More than one year ago, a three-judge panel of the Ninth Circuit determined that California case law, which precluded arbitration of claims asking for public injunctive relief, was preempted by the Federal Arbitration Act. Upon rehearing the case en banc, the Court backpedaled. Kilgore v. KeyBank Nat’l Assoc., __ F.3d __, 2013 WL 1458876 (9th Cir. April 11, 2013). Ten judges of that Circuit concluded that the California case law simply did not apply to the plaintiffs’ claims, so there was no reason to reach the preemption question. One judge dissented.

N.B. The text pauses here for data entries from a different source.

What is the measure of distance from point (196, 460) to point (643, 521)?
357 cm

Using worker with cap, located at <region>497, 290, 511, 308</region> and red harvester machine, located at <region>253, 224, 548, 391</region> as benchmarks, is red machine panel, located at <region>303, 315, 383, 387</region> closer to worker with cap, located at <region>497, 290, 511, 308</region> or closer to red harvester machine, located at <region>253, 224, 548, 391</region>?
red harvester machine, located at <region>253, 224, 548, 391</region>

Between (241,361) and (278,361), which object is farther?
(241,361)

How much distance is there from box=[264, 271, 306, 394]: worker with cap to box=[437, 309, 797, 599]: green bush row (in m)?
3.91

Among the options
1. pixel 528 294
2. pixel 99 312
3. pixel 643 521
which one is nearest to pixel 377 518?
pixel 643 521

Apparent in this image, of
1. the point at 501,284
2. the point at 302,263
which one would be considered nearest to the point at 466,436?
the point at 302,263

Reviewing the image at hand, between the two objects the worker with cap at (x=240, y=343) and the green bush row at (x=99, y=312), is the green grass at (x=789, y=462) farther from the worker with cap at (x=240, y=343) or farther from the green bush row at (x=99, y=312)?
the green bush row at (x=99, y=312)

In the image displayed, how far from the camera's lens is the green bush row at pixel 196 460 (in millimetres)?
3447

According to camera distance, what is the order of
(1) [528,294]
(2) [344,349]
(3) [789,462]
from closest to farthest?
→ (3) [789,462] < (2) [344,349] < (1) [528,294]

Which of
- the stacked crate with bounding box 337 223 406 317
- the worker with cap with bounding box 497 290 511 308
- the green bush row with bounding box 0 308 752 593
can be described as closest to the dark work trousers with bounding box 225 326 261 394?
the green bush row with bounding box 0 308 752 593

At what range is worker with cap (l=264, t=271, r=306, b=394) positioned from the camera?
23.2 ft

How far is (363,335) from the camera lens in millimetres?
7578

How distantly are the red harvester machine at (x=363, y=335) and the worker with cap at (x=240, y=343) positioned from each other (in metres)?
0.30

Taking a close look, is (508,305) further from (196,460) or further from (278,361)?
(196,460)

This case involves a class of 120 sympathetic students of a failed flight school, who claim the bank affiliated with the school, which loaned money to the students, violated the California Unfair Competition Law. All the promissory notes signed by the students contained an arbitration clause that covered their claims and barred anything other than individual arbitrations. The students asked the court to enjoin the bank from reporting non-payment to credit agencies, from enforcing the notes, and from disbursing any loan proceeds in the future if the consumer credit contract did not comply with FTC regulations.
The bank moved to compel arbitration and the district court denied the motion. On appeal, a three judge panel of the Ninth Circuit reversed, finding that the FAA preempted California’s Broughton-Cruz rule. The Broughton-Cruz rule had been developed by the California Supreme Court based on its recognition that the FAA was in conflict with California statutes authorizing public injunctive relief. Under that rule, claims for monetary relief are subject to arbitration, but claims brought under California statutes that seek injunctive relief for the general public are not subject to arbitration.

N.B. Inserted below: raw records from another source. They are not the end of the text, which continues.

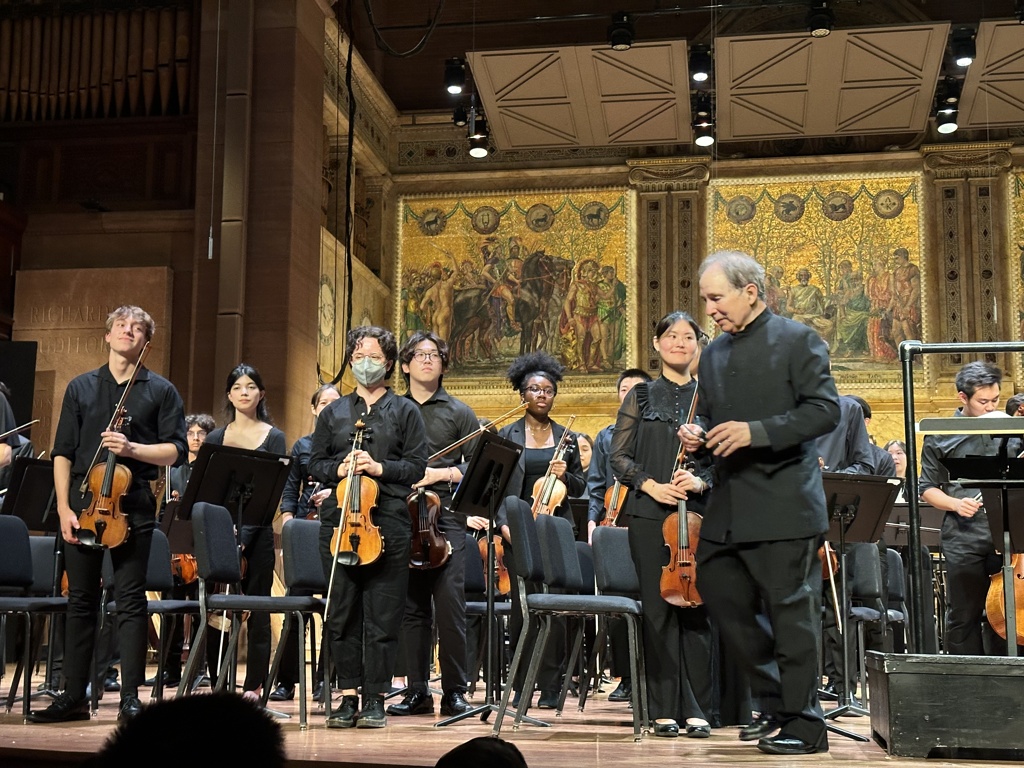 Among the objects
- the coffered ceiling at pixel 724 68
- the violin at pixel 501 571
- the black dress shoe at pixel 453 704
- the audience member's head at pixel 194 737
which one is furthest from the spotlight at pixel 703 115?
the audience member's head at pixel 194 737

When eleven members of the Ninth Circuit reheard the case, however, they left the Broughton-Cruz rule intact. They were able to dodge the entire preemption analysis by concluding that the injunctions sought by these plaintiffs did not affect enough people to be considered public injunctive relief to trigger the Broughton-Cruz rule. The majority found the injunction primarily benefited the 120 putative class members. The majority also concluded that the arbitration agreement was not unconscionable under California law. As a result, it reversed the district court and remanded with instructions to compel arbitration.
One judge, however, felt strongly that the district court should be affirmed. The lone dissenter did not analyze the Broughton-Cruz rule, but instead concluded the arbitration agreement was unconscionable under general California law.
Kilgore is significant because it revives the Broughton-Cruz rule. For everyone else, Kilgore is significant because it shows how skittish courts are about applying Concepcion’s preemption analysis.